EXERCISE DIRECTIONS: In the data below, find the line that contains "Photo of Bathroom in Longlands" and the line that contains "Recambio de mando". Copy both, plus every line between them, exactly.

BEGIN RECORD SET

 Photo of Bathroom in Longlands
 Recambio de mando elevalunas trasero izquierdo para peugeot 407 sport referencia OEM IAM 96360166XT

END RECORD SET
BEGIN RECORD SET

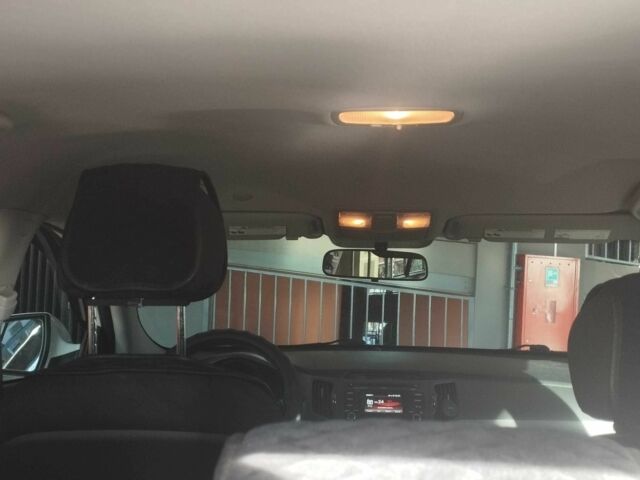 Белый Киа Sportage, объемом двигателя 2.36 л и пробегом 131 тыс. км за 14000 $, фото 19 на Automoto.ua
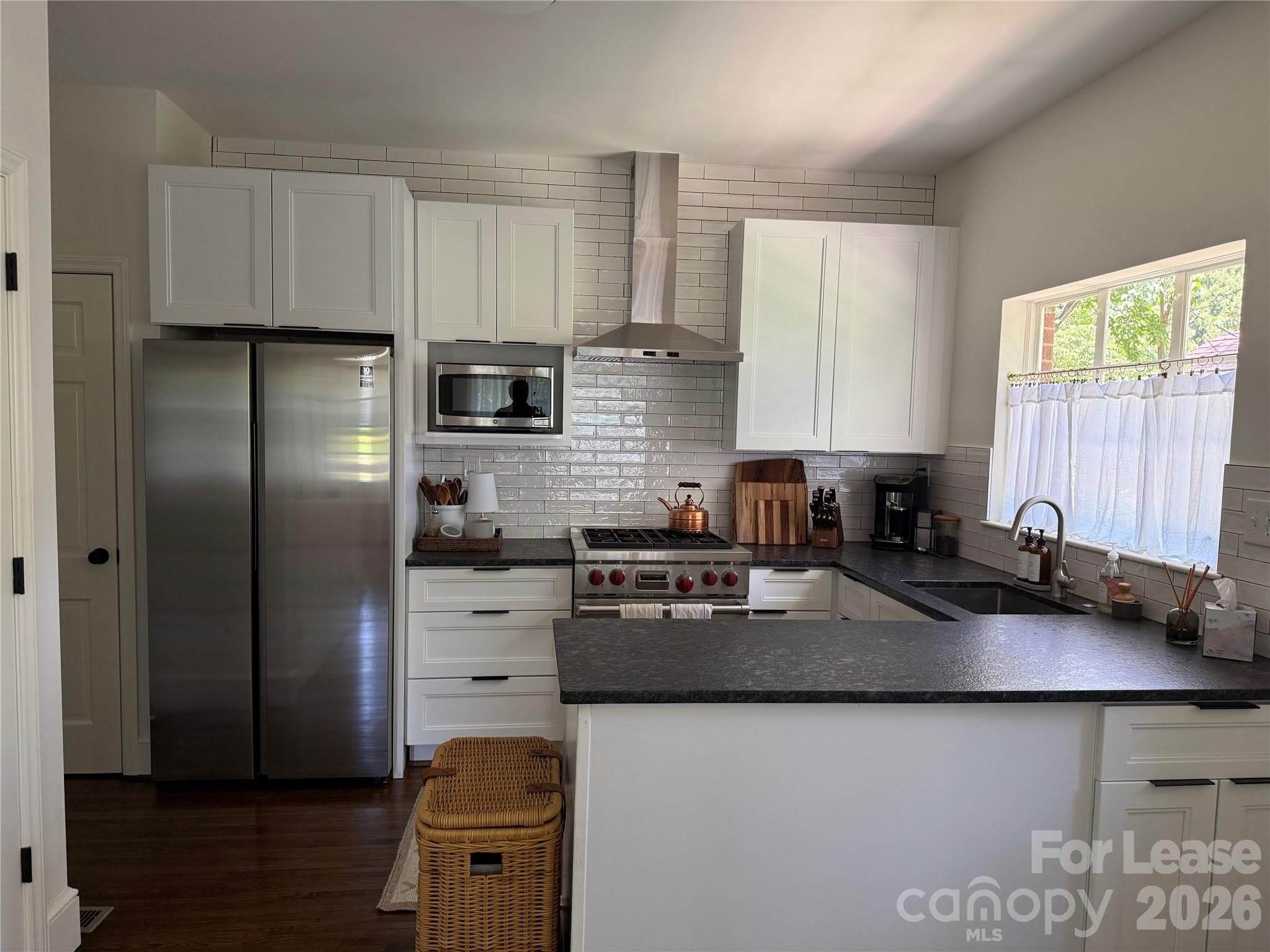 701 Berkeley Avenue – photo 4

END RECORD SET

EXERCISE RESPONSE:
 Photo of Bathroom in Longlands
 Recambio de mando elevalunas trasero izquierdo para peugeot 407 sport referencia OEM IAM 96360166XT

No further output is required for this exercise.